On this journey from a bold teenage girl to a successful young entrepreneur, Löwengrip became a proud mother, owner of eleven different companies, boss to 70 employees and a successful influencer followed by millions. In 2018, she was awarded as the most powerful businesswoman in Sweden. For the future, she has many business ideas, including a vision to become a modern Oprah Winfrey.
“If you want to sell in a store, you can pick one country, but if you want to sell through social media or where you have your followers, you can sell everywhere,” says Löwengrip.
She sees social media as marketing windows. The real success actually comes from a niche product that is able to scale up fast all over the world. “I always focus on what can scale up on Instagram,” Isabella explains.
In order to promote her brands in different countries, Isabella came up with an idea of employing a robot influencer - a social media identity on a social platform which is dominantly used in a specific country. For instance, Gabrielle Löwengrip is Isabelle’s clone based in New York. She was born in December 2018, and she is into beauty and aesthetics.
Her followers will be able to take a peek into her everyday life, as she goes on dates, shopping, or anything else that is the life of a girl made of.
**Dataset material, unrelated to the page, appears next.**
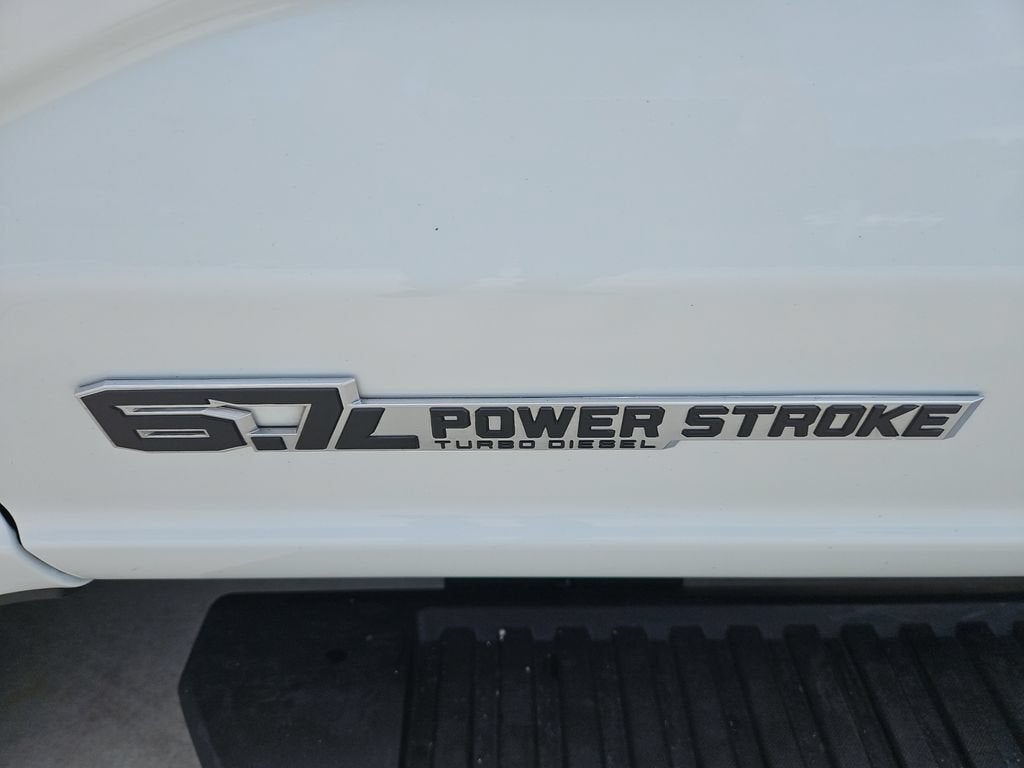 2026 Ford Super Duty F-350 DRW XL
She represents an alternative life of Isabella if she was born in America. To make it more interesting, Isabella invited all followers to help her out in choosing or creating a face for Gabrielle.
With such activities, she is gathering useful statistics about the preferences and interests of the audience and as per that delivers content that is wanted while introducing a new or already existing brand.
“Each market can have its own content related to the local market. So when I am doing something with Sephora in New York, Gabrielle Löwengrip can push it on her Instagram,” explains Isabella.
Strange as it may sound, robots on social media are one of the possible ways of thinking outside of the box and being innovative.
“Before people said you have to be transparent, you have to be so honest. That is old. The future of social media is to be relatable and to inspire. People don’t care if the account is real or not,” Löwengrip says. The Swedish influencer explains that it is like watching a movie – it doesn’t have to be necessary real, but people will still watch it and consume if it is interesting and inspiring.
Besides the help of robots in generating content for social media, Isabella pointed out that networking is even more important for success, especially with people who have a similar vision as you – “There is a lot of different women. We are eating lunch, networking, helping each other's companies grow, tagging each other. It is a new way to grow.”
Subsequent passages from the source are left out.